İBB Genel Sekreteri Mahir Polat, İBB kültür Varlıkları Daire Başkanı Oktay Özel, bazı üniversitelerden uzmanlar ve yetkili kurum üyelerinin katıldığı toplantıda, tarihi yapıların güçlendirilmesi için koordineli bir çalışma yapılması gerektiğine vurgu yapıldı.
Beklenen İstanbul depreminin ne zaman geleceğini bilmediklerini ancak tarih boyunca İstanbul'un döngüsel tarihsel depremlerle uğraştığını, yıkıldığını ve yeniden yapıldığını kaydeden İBB Kültür Varlıklar Daire Başkanı Oktay Özel İstanbul depremi için Kandilli Rasathanesi tarafından 7.5 senaryo depremi doğrultusunda gerçekleşip gerçekleşmeyeceğini, ne zaman gerçekleşeceğini bilmedikleri için acil önlem almak, seferberlik çalışması başlatmak gibi bir zorunlulukları olduğunu söyledi. İstanbul’da 35 bin taşınmaz kültür varlığı olduğunu hatırlatan İBB Kültür Varlıklar Daire Başkanı Oktay Özel şöyle devam etti:
''Bu taşınmaz kültür varlığının önemli bir kısmı tarihi yarımada ve tarihi bölgelerde, semtlerde bulunmakta. Beklenen senaryo depreminin yıkıcı etkisinin olduğu bölgeleri göz önüne alırsak yarımada ciddi bir risk altında. Biz depremde tarihi kültür varlıklarının yüzde 51’inin yıkılma tehlikesiyle karşı karşıya olduğunu biliyoruz. Ne yazık ki tarihi yapıların güçlendirilmesine yönelik müdahalelere yönelik bir yönetmelik ve protokol kılavuz yok. Bugün bu çalışmayla birlikte aslında bir yönetmelik sürecinin de başlangıcını yapıyoruz. İstanbul’u deprem dışında bekleyen bir diğer sorunsa metruk sorun. 3 bin 500 metruk yapıdan bahsediyoruz. İstanbul’da kültür mirasının yüzde 10’unu kapsayan İstanbul gibi tarihi kimliği olan tarihsel bir kentte kabul edilemez durumda olan yapı. Bir deprem olmadan dün yıkıldı. Diğer yapılarda deprem olmadan yıkılma riski taşıyor. Çevresel etkisiyle birlikte çok sayıda insanın can güvenliğini tehdit ediyor. O nedenle hemen hemen şimdi yetkili kurullar, Kültür Bakanlığı, ilgili kurum, kuruluşlar bir araya gelerek bütüncül bir değerlendirmeyle önlemleri almak zorunda.''
İstanbul Planlama Ajansı olarak kentin geleceğine dair stratejileri ürettiklerini kaydeden ve kentin 2050 yılında neler yapılması gerektiğini İstanbul’un 2050’ye nasıl dayanıklı hale geleceğini planlayan kuruluş olduklarını belirten İstanbul Planlama Ajansı (İPA) Genel Sekreteri Oktay Karagül ise yaptığı açıklamada afet öncesini, afet anını, afet sonrasını ve toparlanma zamanını 7 boyutta ele aldıklarını, mühendislik boyutunu, lojistik, planlama, ekonomik planınında yola çıkarak bir seferberlik planını, hazırlık çalışmalarını tamlamama aşamasına geldiklerini söyledi.

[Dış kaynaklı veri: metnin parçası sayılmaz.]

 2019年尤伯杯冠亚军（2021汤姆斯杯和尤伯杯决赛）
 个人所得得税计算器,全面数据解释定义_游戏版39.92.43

İstanbul gibi bir kadim kentin tarihi eserleri, kültürel mirası, sivil mimari örneklerinin de çok fazla olduğunu ve 35 bin yapının olduğunu hatırlatan İstanbul Planlama Ajansı (İPA) Genel Sekreteri Oktay Karagül İstanbul’un bu değerlerini nasıl koruyacaklarını, nasıl gelecek nesillere aktaracaklarını, nasıl güçlendireceklerini hem meslek odalarıyla birlikte inşaat mühendisleri odasıyla, hem bilim insanlarıyla birlikte tartışarak gün sonunda da buna yönelik eylem planlarını açıklayacaklarını söyledi.